For the purposes herein, production fluids or formation fluids are the products from a reservoir at the time the fluids are produced. Production fluids consist of petroleum hydrocarbon liquids, gases, and produced water. The petroleum hydrocarbon liquids contain a large number of components with very complex compositions. Some of the potentially fouling-causing components present in the petroleum fluids, for example wax and asphaltenes, are generally stable in the crude oil under equilibrium reservoir conditions, but may precipitate and deposit as temperatures, pressures, and overall fluid compositions change as the crude oil is removed from the reservoir during production. Waxes comprise predominantly high molecular weight paraffinic hydrocarbons, i.e. alkanes. Asphaltenes are typically dark brown to black-colored amorphous solids with complex structures and relatively high molecular weights. The produced water consists of brine solutions containing ions from various salts, such as, but not limited to, Na+, K+, Ca+2, Ba+2, Sr+2, Mg+2, Si+2, Fe+2, Cl, HCO−3, and SO4−2. The potentially fouling-causing scale from the produced water, for example CaCO3, BaSO4, and CaSO4, are generally stable in the produced water under equilibrium reservoir conditions, but may precipitate and deposit as temperatures, pressures, and overall fluid compositions change as the produced water is removed from the reservoir during production.
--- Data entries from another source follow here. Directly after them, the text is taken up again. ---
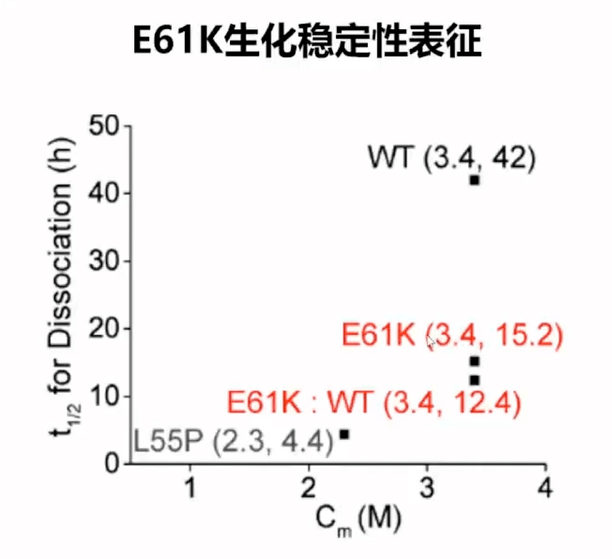 其中转甲状腺素蛋白淀粉样心肌病(attr-cm)作为其中主要类型之一,不仅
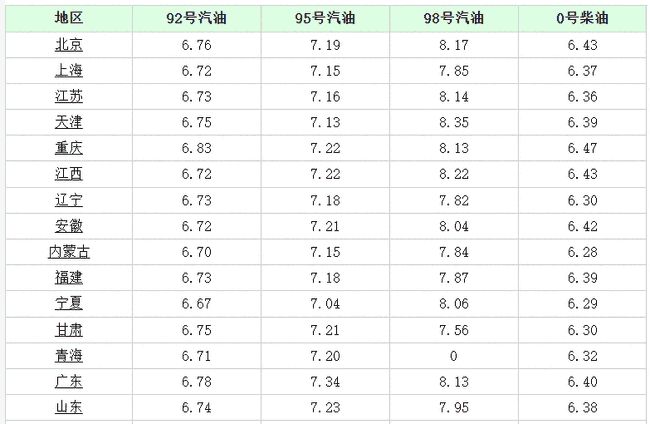 南川最新干部调整步骤指南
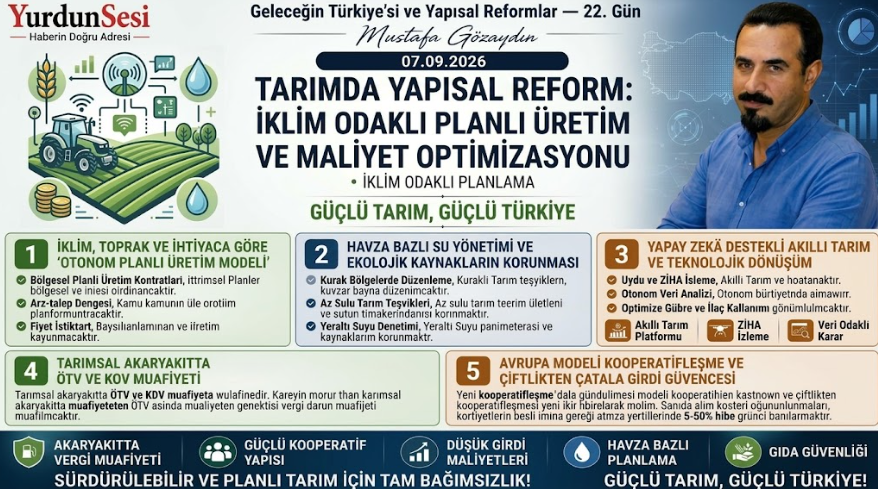 Geleceğin Türkiye'si ve Yapısal Reformlar — 22. Gün Mustafa Gözaydın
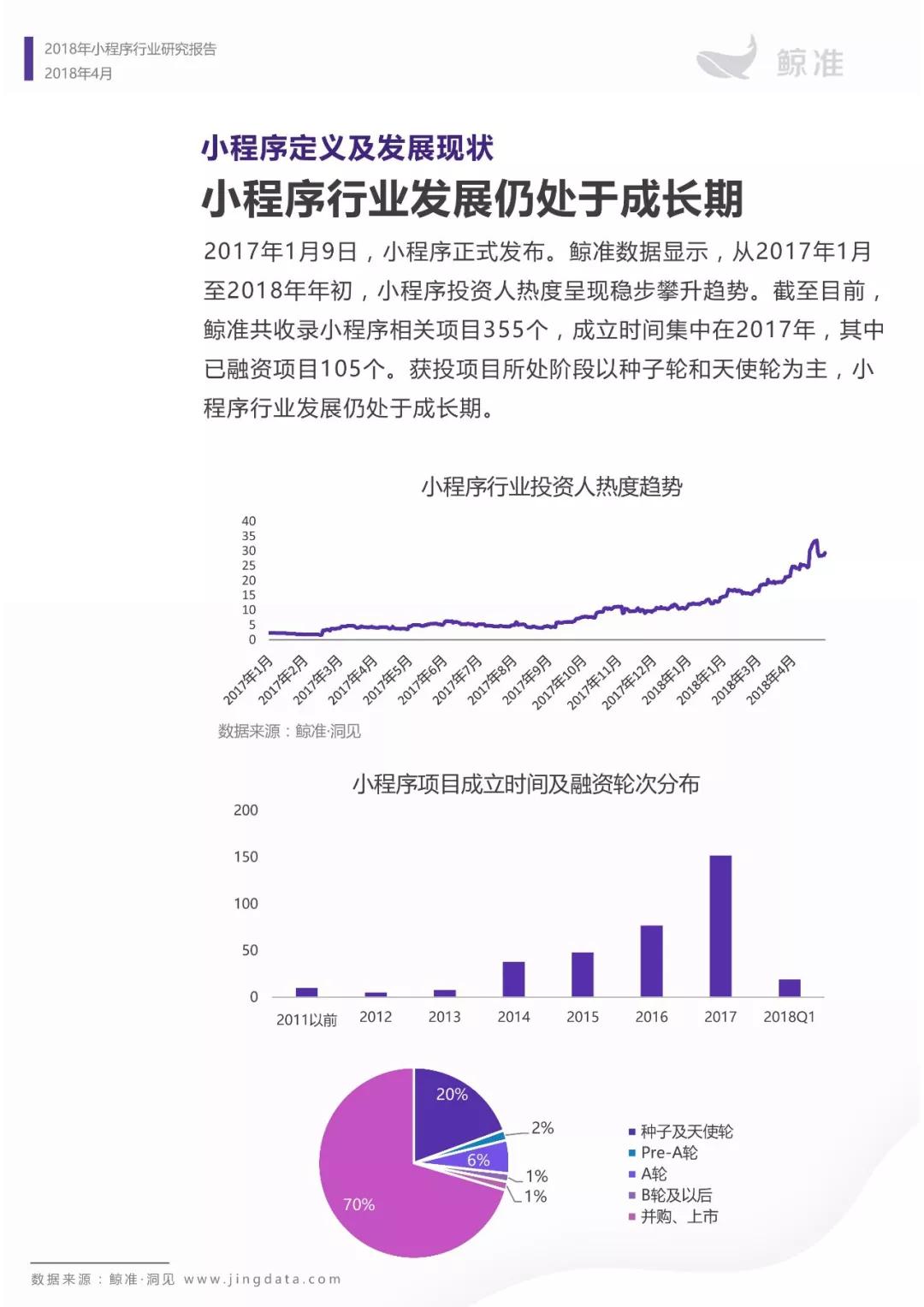 小程序月活占微信活跃用户总数三分之一，加入用户时间争夺战 | 小程序行业研究报告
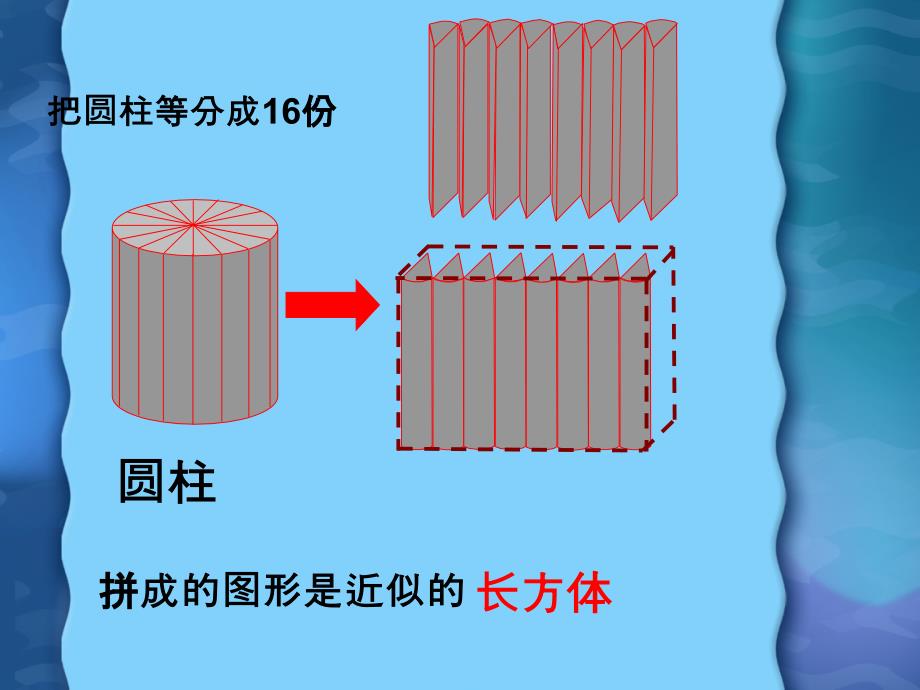 圆柱的体积 (16)_第2页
Asphaltenes are most commonly defined as that portion of petroleum, which is insoluble in heptane. Asphaltenes exist in crude oil as both soluble species and in the form of colloidal dispersions stabilized by other components in the crude oil. Asphaltenes may include a distribution of thousands of chemical species having chemical similarities, although they are by no means nearly all identical. In general, asphaltenes have higher molecular weights and are the more polar fractions of crude oil, and can precipitate upon pressure, temperature, and compositional changes in crude oil resulting from production, blending, or other mechanical or physicochemical processing. CO2 flooding, gas injection, and commingling heavy crude oils with light crude oils or condensates during production are common blending operations which can cause asphaltene destabilization. Asphaltene precipitation and deposition can cause problems in subterranean reservoirs, upstream production facilities, mid-stream transportation facilities, refineries, and fuel blending operations. In petroleum production facilities, asphaltene precipitation and deposition can occur in near-wellbore reservoir regions, wells, flowlines, separators, and other equipment. Once deposited, asphaltenes present numerous problems for crude oil producers. For example, asphaltene deposits can plug downhole tubulars, wellbores, choke off pipes and interfere with the functioning of safety shut-off valves, and separator equipment. Asphaltenes have caused problems in refinery processes such as desalters, distillation preheat units, and cokers.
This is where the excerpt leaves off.